Diablo Canyon closure the result of failed energy policies

July 18, 2016

Diablo Canyon Nuclear Power Plant


If you live anywhere on the Central Coast, you’re aware by now that on June 21, PG&E announced it will not seek relicensing of the Diablo Canyon Nuclear Power Plant when the licenses expire in 2024-2025. It’s my opinion this is a direct result of years of failed energy policies in the state of California.

PG&E in it’s announcement acknowledged that it will be unable to meet the renewable mandates by the state and had no other choice but to abandon nuclear energy production for a malaise of renewables. Just like that, 10 percent of the state’s energy supply will be gone. Coupled with the closure of San Onofre, California will be nuclear free having lost 20 percent of it’s electricity supply, not counting the additional lost energy from coal and other sources by way of state mandates.

To build the equivalent of a 2200-megawatt nuclear plant, a solar farm would require more than 20,000 acres, and a wind farm more than 100,000 acres. By contrast, Diablo Canyon is able to produce that much power and more on a footprint of 545 acres.

It’s irresponsible to think we can efficiently replace safe, low cost, greenhouse gas-free, reliable base load sources of power and operation at Diablo Canyon with renewables of wind, solar, geothermal, biomass, and hydroelectricity. It’s vital we keep all carbon free electricity sources online as a future energy policy.

San Luis Obispo Councilman Dan Carpenter

San Luis Obispo Councilman Dan Carpenter

Our leaders have let us down.

California’s SB 350 requires the state to procure 50 percent of electricity from renewable energy and double energy efficiency savings by 2030. (Forbes – California’s Growing Imported Electricity Problem)

With this broken policy in effect, we are now importing 33 percent of our electricity supply from fast growing neighbor states. These numbers have been rising rapidly since 2010. According to the Energy Information Administration, California imports electricity because it’s power markets are relatively open and generation from outside the state is often less expensive.

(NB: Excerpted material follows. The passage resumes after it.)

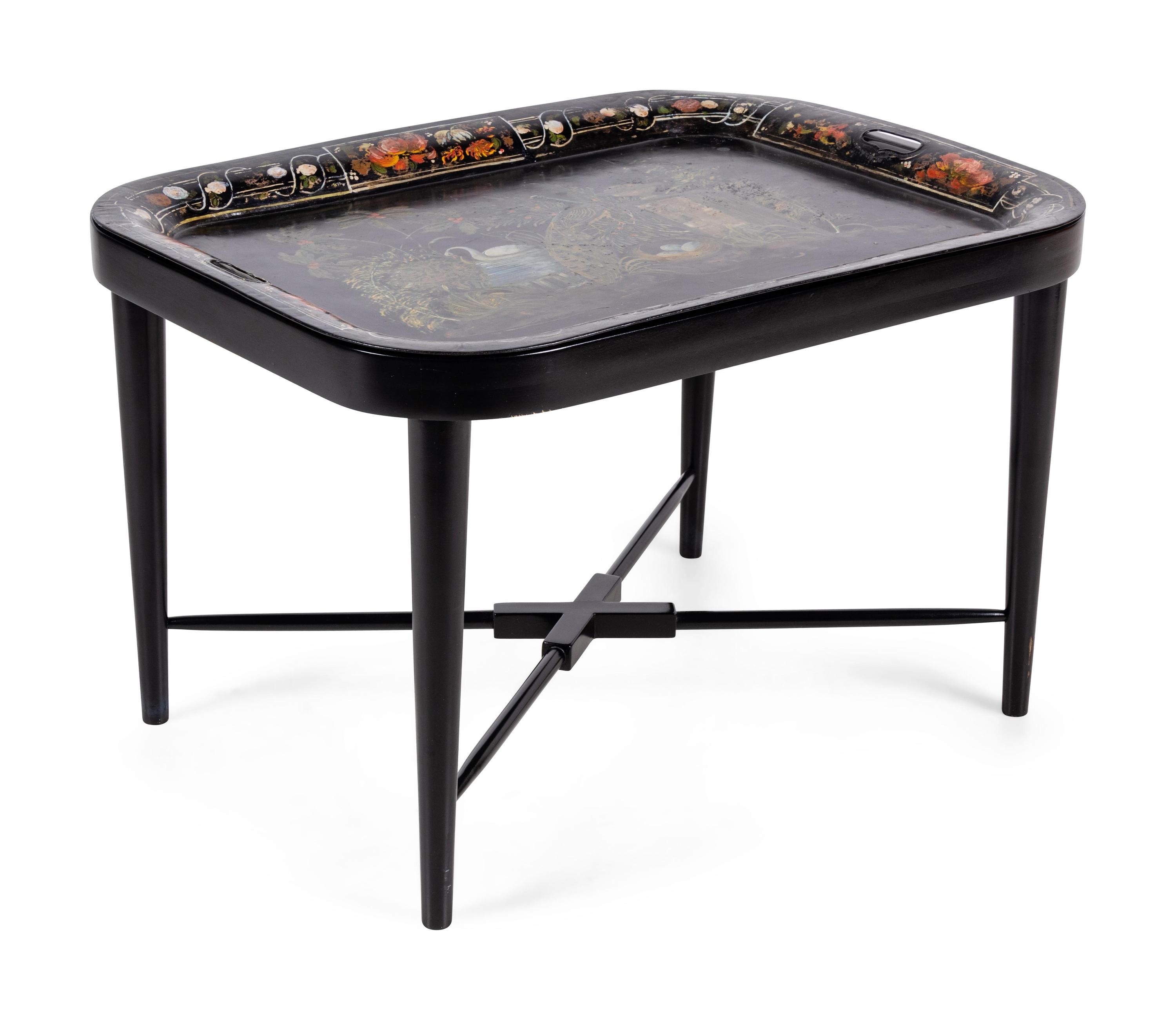 A Victorian Tole Tray on a Later Stand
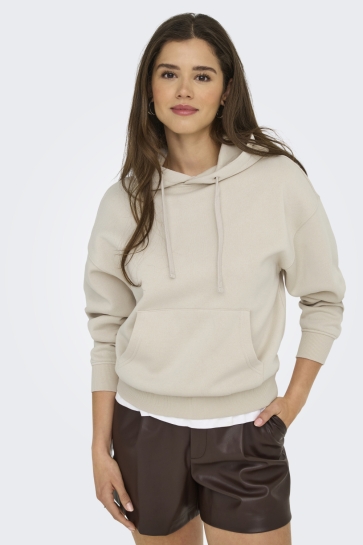 Only Trui ONLBEST LIFE L/S HOOD SWT NOOS 15338730 PUMICE STONE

Besides having the most expensive electricity west of the Mississippi, California already has the least reliable electricity. We easily lead the nation with nearly 470 power outages a year compared to 160 a year for second place Texas.

California’s reliability problem will be multiplied as more wind and solar enter into the power mix. Why so much imported energy…adjacent states don’t have the egregious energy policies of California. Our polices are having negative impacts on our neighbor states and they will cease to export at some point.

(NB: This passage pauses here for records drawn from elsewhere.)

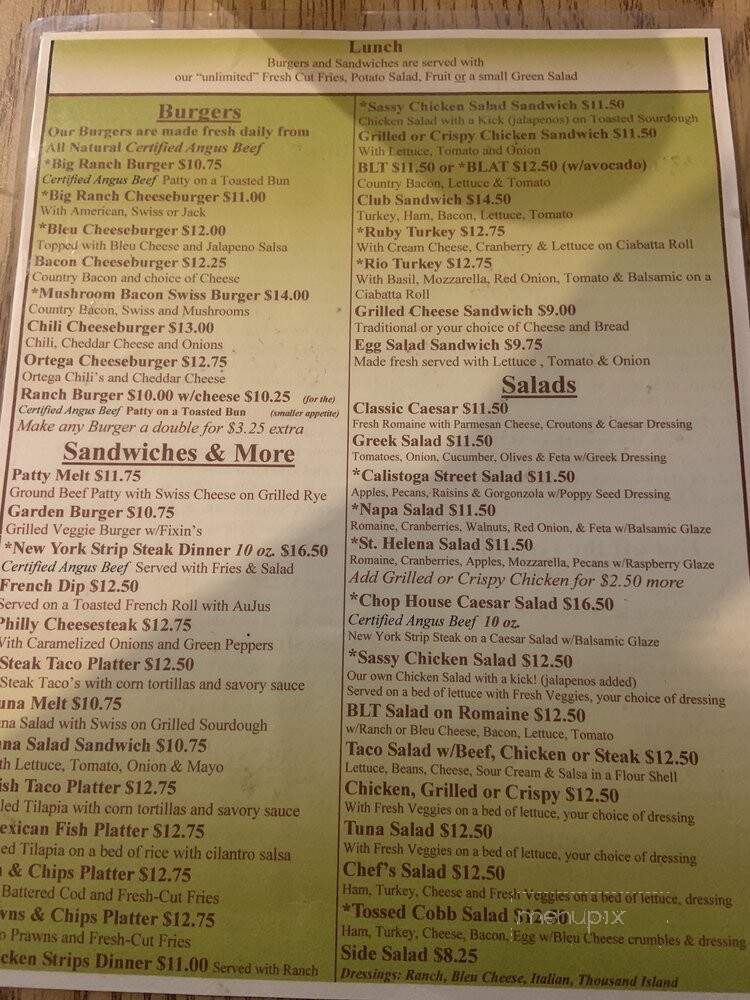 Little Cowpoke Cafe - Middletown, CA menu_pic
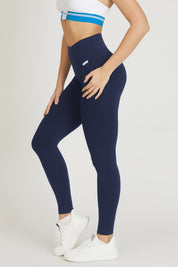 Leggings sportivi con tecnologia FIR push up con arricciatura All - Up Blu Notte - FGM04 - LEGGINGS ANTICELLULITE - fgm04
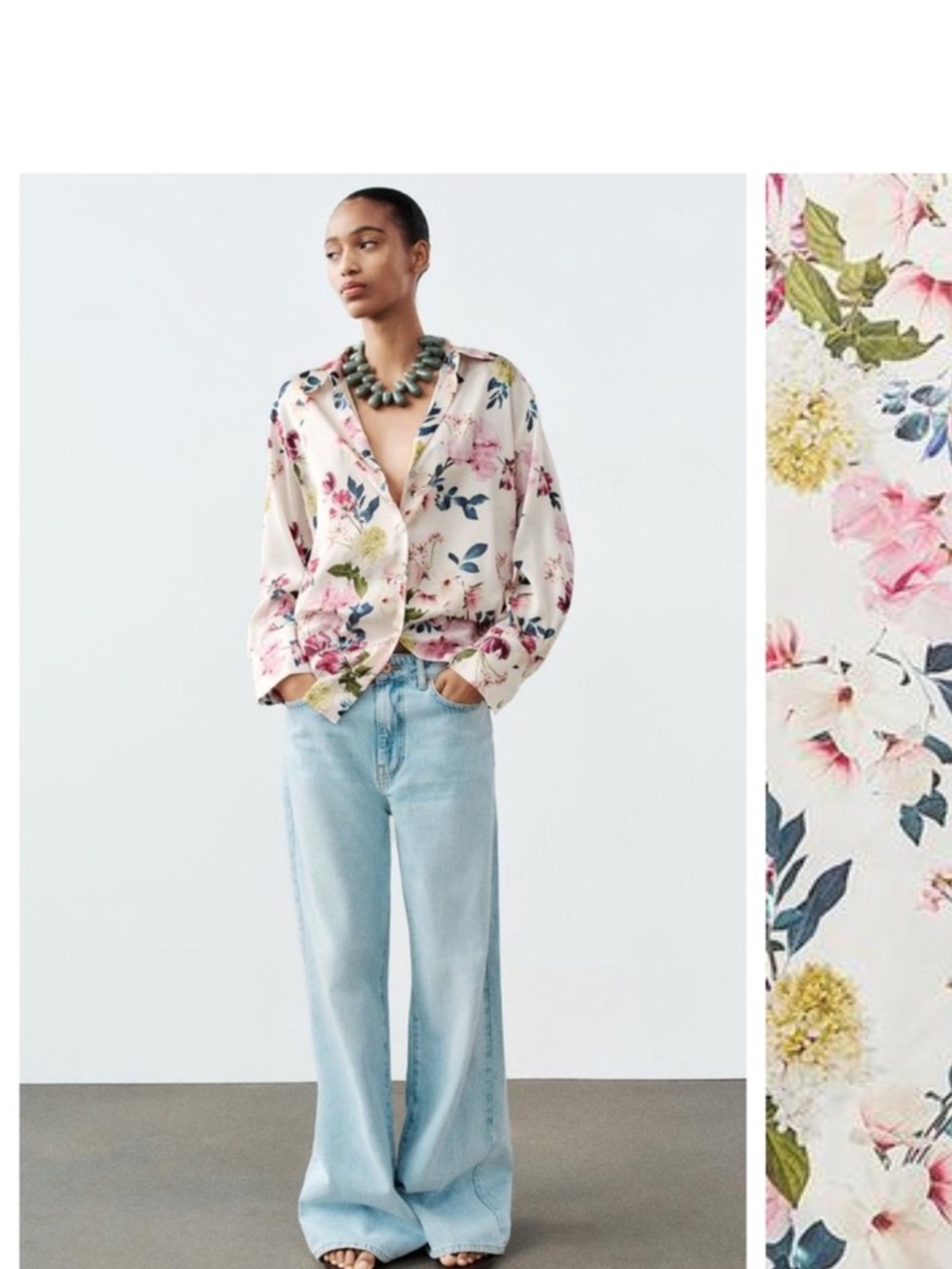 Zara Floral Satin Button-Up Blouse in Cream and Pink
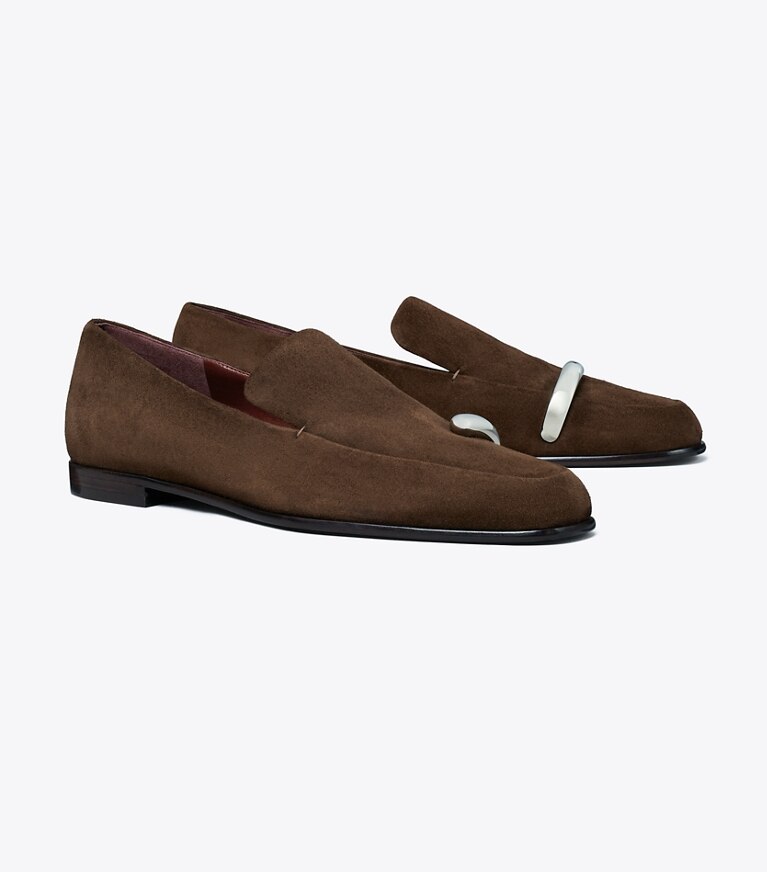 Tory Burch designer loafers Loafer mit Piercingdetail in DARK COCOA / SILVER angle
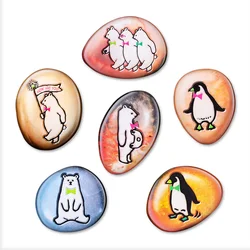 MORCART Best selling products on the stone painted polar bear series refrigerator stickers, polar bear epoxy refrigerator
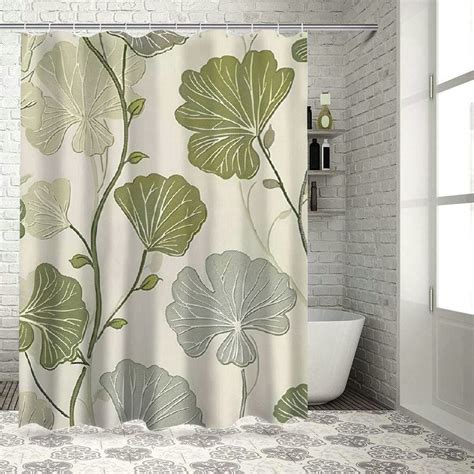 Akjvoe Fabric Bathroom Curtain Retro Ginkgo Elegant Creative Trendy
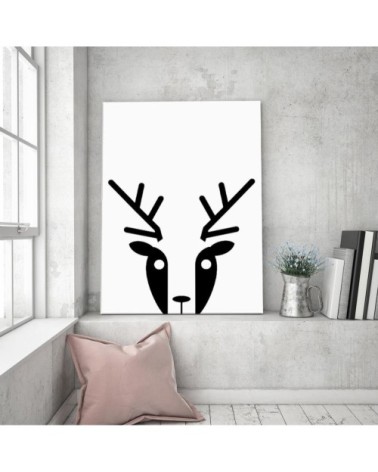 Tableau enfant contrast deer noir et blanc 40x60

So, while we pump our chest about creating a “green” environment with our renewable energy fascination, we’re siphoning energy from our neighbors with less regulations. With renewed dependence on natural gas, it’s reasonable to expect a future with increased carbon emissions.

There is a growing population of environmentalist’s who want to save nuclear power in our country precisely for its zero-carbon attributes. They’re embracing nuclear energy as sustainable, reliable, zero emissions, safe, green power. Wholesale power from Diablo Canyon costs an average 4 cents per kilowatt-hour…..alternatively, wind power 7.4, solar 12.5 cents, solar thermal 24 cents. (Energy Information Administration – San Diego Union Tribune, Nuke Plan diverts billions from Climate Change, July 6, 2016)

For the past year, we’ve been hearing from 3rd District Supervisor Hill the promise of desalinated water from Diablo Canyon for the South County. He’s claimed numerous times that a PG&E executive said “yes” to him alone after a dinner in his home. Coincidentally, PG&E, a donor to Supervisor Hill’s reelection campaign, announced it’s intention to close just days after the primary election when Hill was not able to pull off a reelection victory.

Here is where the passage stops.